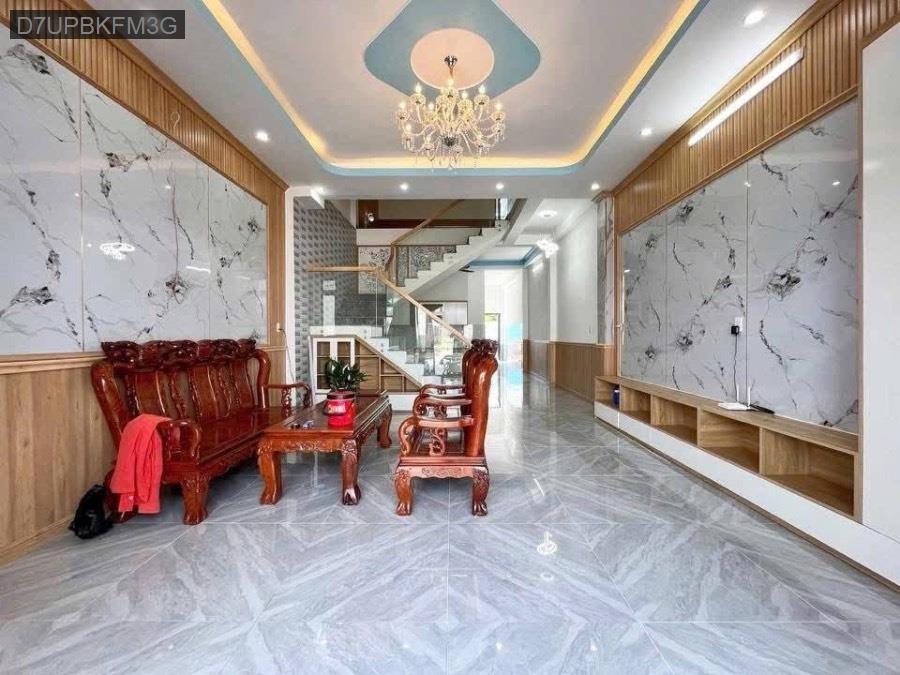 Bán nhà Đức Hòa Thượng SHR 5x30.5 nhà 1 trệt 1 lầu, sân ôtô, 3pn. Giá 3tỷ350tr - Xã Đức Hoà Thượng  -  Huyện Đức Hòa  - (ảnh - 2)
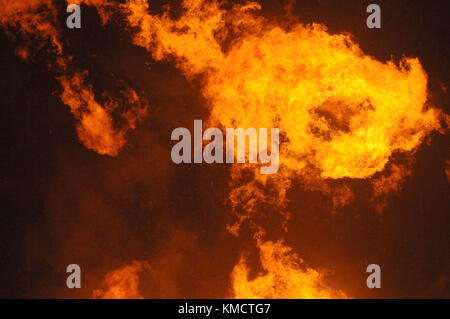 Santa Paula, Californie, États-Unis. 5 décembre 2017. Les flammes de l'incendie de Thomas dans le comté de Ventura bilow sur le toit d'un bâtiment extérieur d'une maison sur Rancho Vista Ln. Crédit : Neal Waters/ZUMA Wire/Alamy Live News Banque D'Images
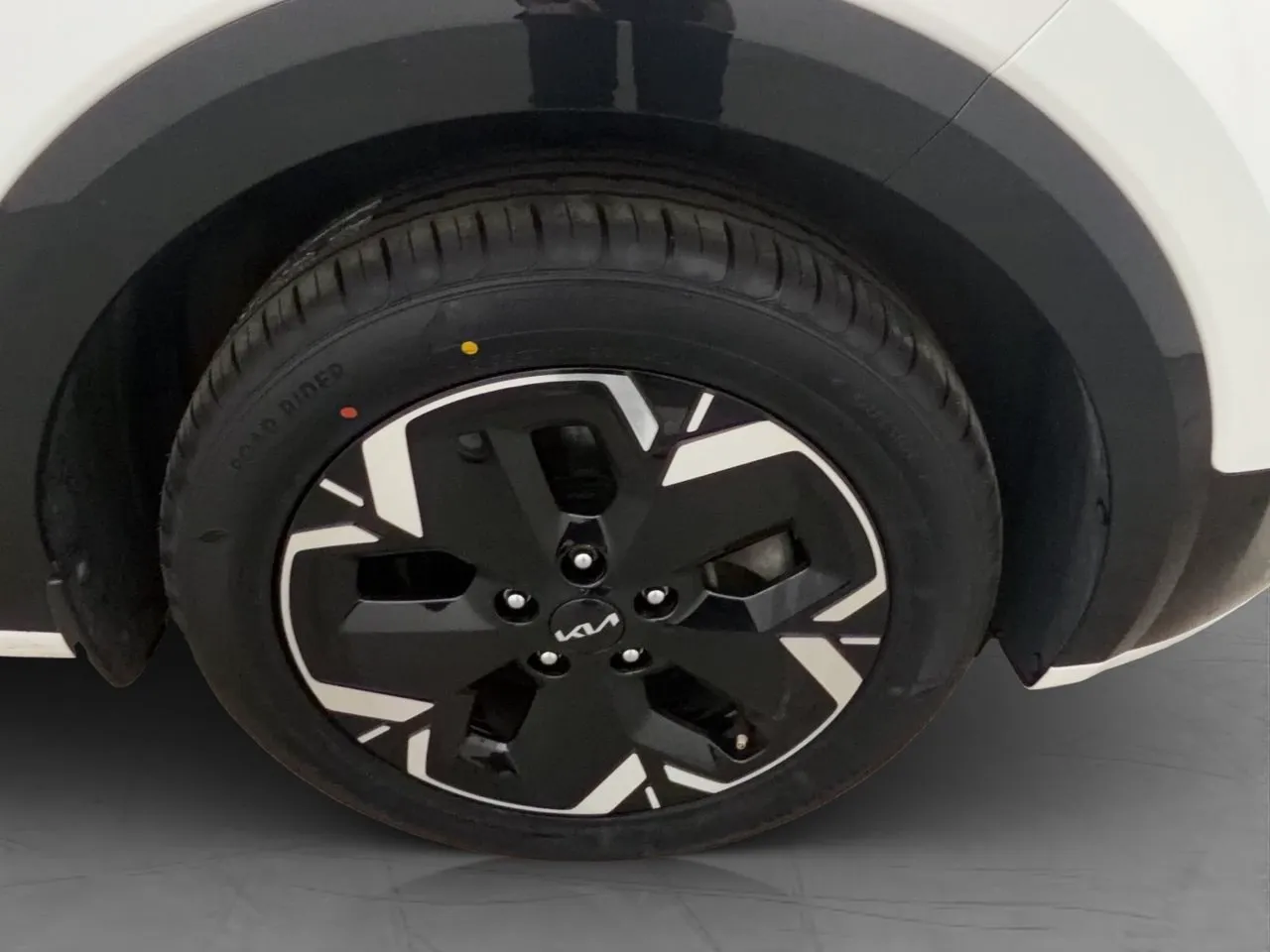 Vehicle image 35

= YOUR TASK =
Where the line with "Santa Paula, Californie, États-Unis." appears, begin there and transcribe exactly through the last line of the data, leaving all pictures aside.

= RESPONSE TO THE TASK =
 Santa Paula, Californie, États-Unis. 5 décembre 2017. Les flammes de l'incendie de Thomas dans le comté de Ventura bilow sur le toit d'un bâtiment extérieur d'une maison sur Rancho Vista Ln. Crédit : Neal Waters/ZUMA Wire/Alamy Live News Banque D'Images
 Vehicle image 35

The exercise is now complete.